Tumores vesicales: epidemiología, factores de riesgo asociados e histopatología. Revisión bibliográfica
Autora principal: María Soto Palacín
Vol. XVIII; nº 23; 1086
Bladder cancer: epidemiology, risk factor and histopathology
Fecha de recepción: 23/10/2023
Fecha de aceptación: 30/11/2023
Incluido en Revista Electrónica de PortalesMedicos.com Volumen XVIII. Número 23 Primera quincena de Diciembre de 2023 – Página inicial: Vol. XVIII; nº 23; 1086
Autores:
Soto Palacín, María (1); Urdániz Borque, Sara (2); Pérez Rivarés, Cynthia (3), Palacín Castillo, María José (4); Noelia Lázaro de Fracassa (5); Rosana Urdániz Borque (6); Ana Belén Julián Gomara (1).

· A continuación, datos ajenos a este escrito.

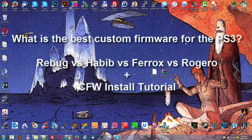What's up guys, I decided to make this video to answer a question that I often see on PS3 modding forums. What is the best custom firmware to use on your PS3?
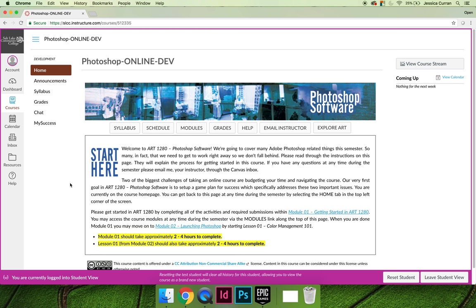I would like everyone to take a minute and make sure that you're able to log into the course. If you are unable to log in, please contact your instructor immediately for help. If you are able to log in, you can move on to video number three.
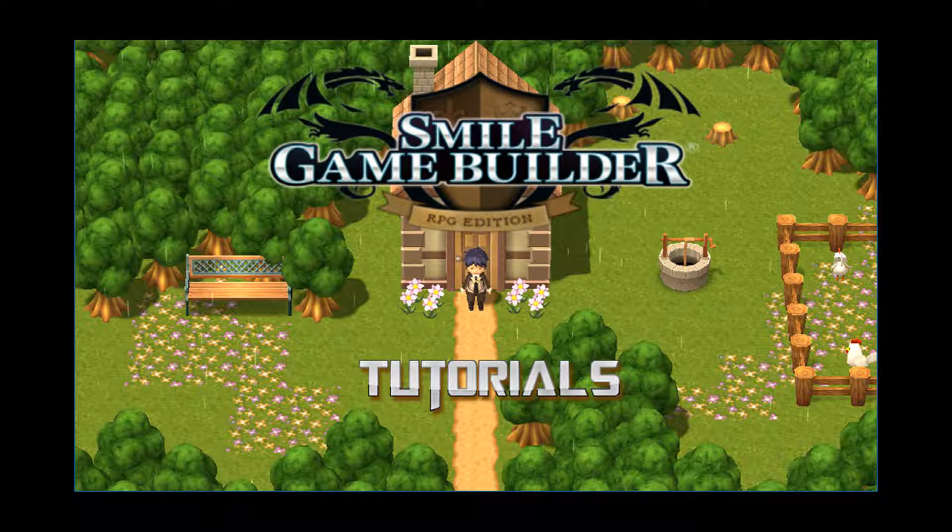Hello again, SGBeers. I'm CompanionWolf, aka RobWolf on Facebook. Welcome to another Smile Game Builder tutorial.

(1) Hospital Universitario Miguel Servet, Zaragoza, España. (2) Centro de Atención a la Discapacidad, Huesca, España (3) Hospital General, Valencia, España (4) Hospital Royo Villanova, Zaragoza, España (5) Hospital Universitario San Jorge, Huesca, España, (6) Hospital Clínico Universitario Lozano Blesa, Zaragoza, España
RESUMEN:
El cáncer de vejiga es uno de los tumores más frecuentes, ocupando el cuarto lugar en términos absolutos. España presenta una de las tasas de incidencia y mortalidad más altas de Europa.

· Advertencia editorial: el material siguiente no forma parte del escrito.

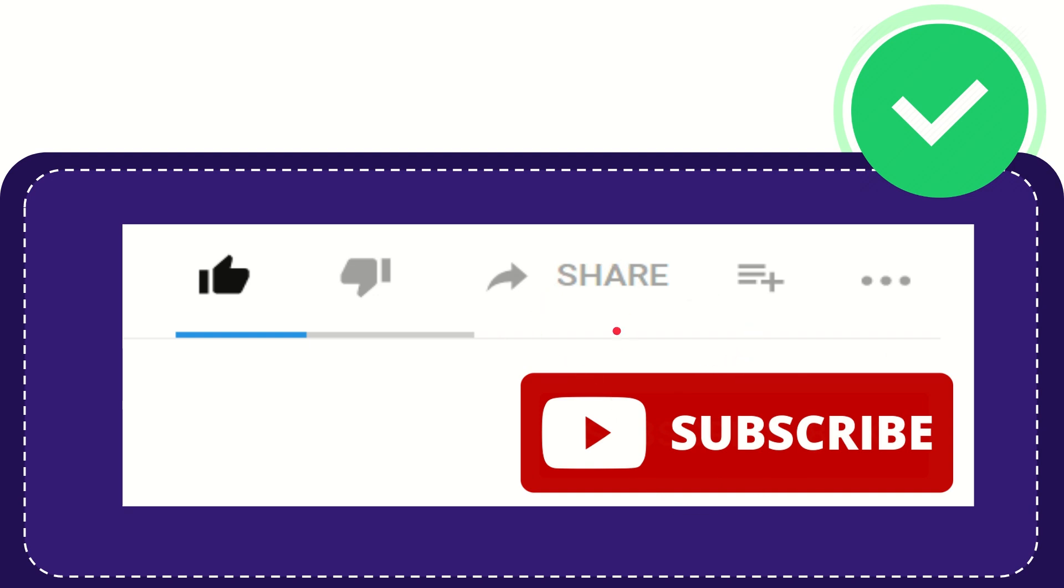Thank you so much for watching this video and see you again in another video. Bye-bye, see you again.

Se ha estimado que la exposición ocupacional reiterada durante períodos largos de tiempo en industrias de alto riesgo aumenta el riesgo de desarrollar tumores vesicales. El tabaco también ejerce una notable influencia en el desarrollo de este tumor, de tal manera que la incidencia del cáncer de vejiga guarda relación directa con la duración del hábito de fumar y el número de cigarrillos fumados al día.

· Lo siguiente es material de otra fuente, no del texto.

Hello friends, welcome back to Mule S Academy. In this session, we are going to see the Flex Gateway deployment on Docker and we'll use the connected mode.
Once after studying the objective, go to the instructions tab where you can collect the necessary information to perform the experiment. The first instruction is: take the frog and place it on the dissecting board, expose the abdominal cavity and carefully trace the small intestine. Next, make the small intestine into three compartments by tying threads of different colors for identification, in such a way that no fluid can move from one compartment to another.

El cáncer vesical se origina del epitelio que recubre la superficie interna de la vejiga (urotelio); por tanto, los carcinomas uroteliales representan la mayor parte de los tumores vesicales (90-95%). Las variedades histológicas inusuales suponen menos de 10% de los casos.
Los tumores se clasifican en varios estadios (en función de parámetros como su tamaño, órganos afectos, diseminación a distancia, etc.) que tendrán una evolución diferente y requerirán tratamientos distintos. En el caso del cáncer de vejiga la clasificación más empleada es el sistema TNM, que valora la extensión del propio tumor (T, tumor primario), los ganglios linfáticos (N, del inglés nodes o ganglios) y la presencia de metástasis (M).
PALABRAS CLAVE: Tumor vesical, carcinoma urotelial, incidencia, factores de riesgo, histopatología.
ABSTRACT:
Bladder cancer is one of the most common tumors, ranking fourth in absolute terms. Spain has one of the highest incidence and mortality rates in Europe.
Repeated occupational exposure over long periods of time in high-risk industries has been estimated to increase the risk of developing bladder tumors. Tobacco also has a notable influence on the development of this tumor, in such a way that the incidence of bladder cancer is directly related to the duration of smoking and the number of cigarettes smoked per day.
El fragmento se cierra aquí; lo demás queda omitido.